Place all the strips into a large pot (big enough to have some room for both your hands mixing and all the meat). 

Pour apple cider vinegar over meat, I don't really measure it, but essentially you need a good amount to drizzle over all the meat, if you do it right there should be a little vinegar in the bottom of the pot, that will soak up when mixed with the spice mix (don't drown the meat in vinegar, if it's found its own level in the pot you've over done it).

At this point I mix the meat thoroughly with both hands repeatedly until I'm sure every bit has a vinegar coating, the vinegar stops your meat rotting so you must cover every part.

Now here is the cheat part:







I just used safari Biltong Spice mix, I will certainly be making my own mixes in future but at present my main goal was to test the new box with a product I'm familiar with, so this was a good test product. You can buy this stuff fairly easily around the traps and if it's your first batch of Biltong it probably wouldn't hurt to use the premixed stuff as it's one less variable.

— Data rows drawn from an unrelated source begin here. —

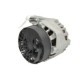 Alternator STARDAX 12V 150A Ford C-MAX Focus II 1.8D 07.04-09.12 Sistem Electric Motorului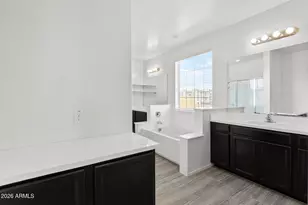 130 N Bay Dr, Gilbert, AZ 85233 - Photo 48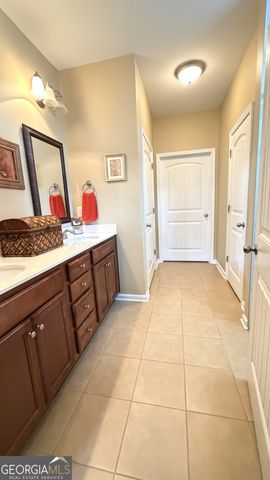 1229 Sonoma Lane, Lawrenceville, GA 30045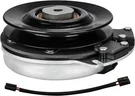 Electric Pto Clutch For Ayp Roper Dixon Electrolux Husqvarna Massey Ferguson. Fixed Price $186.03.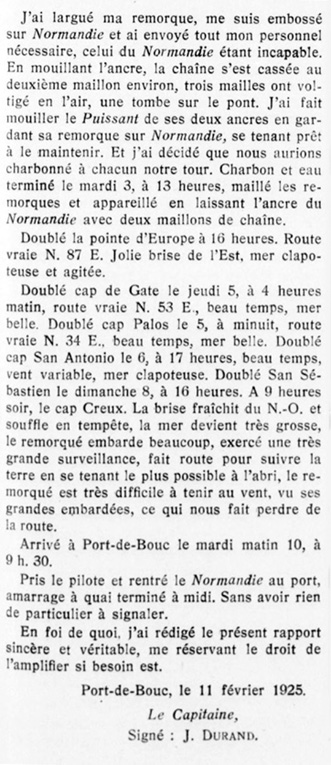 L.Y. 28-II-1925 - B - .jpg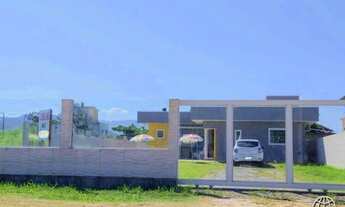 Imagem 2: Casa para venda tem 10 metros quadrados com 2 quartos em Pinheira (Ens Brito) - Palhoça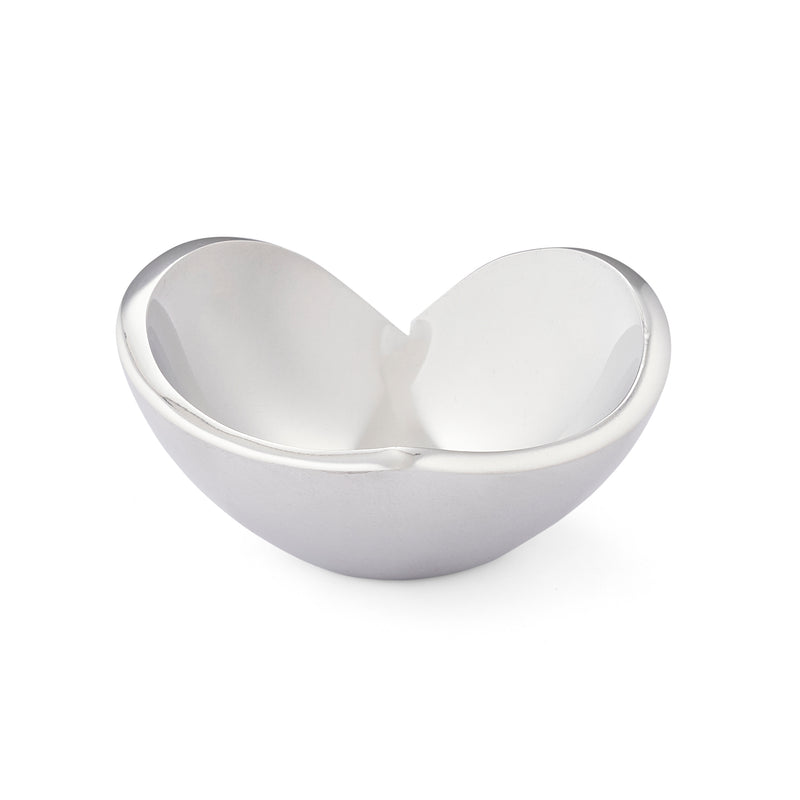 Nambe - Mini Love Bowl 45 - Limolin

Used about 60grams per kilo of meat and mixed thoroughly again, coating all the meat.

Your hands are filthy at this stage, but put a lid on the pot and put it in the fridge over night. Ideally slice a mix the ingredients in the afternoon, and hang the meat the following morning early. Some people only fridge for a couple of hours, but I like to do it overnight. I'm a sucker for dried coriander and the spice mix is something I enjoy on the heavy side.

My first round of Biltong seen in the first photo above was 4.5kg cut into about 15 sticks (so much bigger), there was alot of variation, some were ready after 4 days, others were up to 7 days for the really thick peices. Second batch was cut about 3/4 inch from 3.8kg into 75 sticks so they were all done after 3 days. This time I cryovac'd them into seperate bags about 15 sticks each and froze what I won't use in the next week. 

Hope this helps and when I make some of my own spice mixes I'll be sure to share.


----------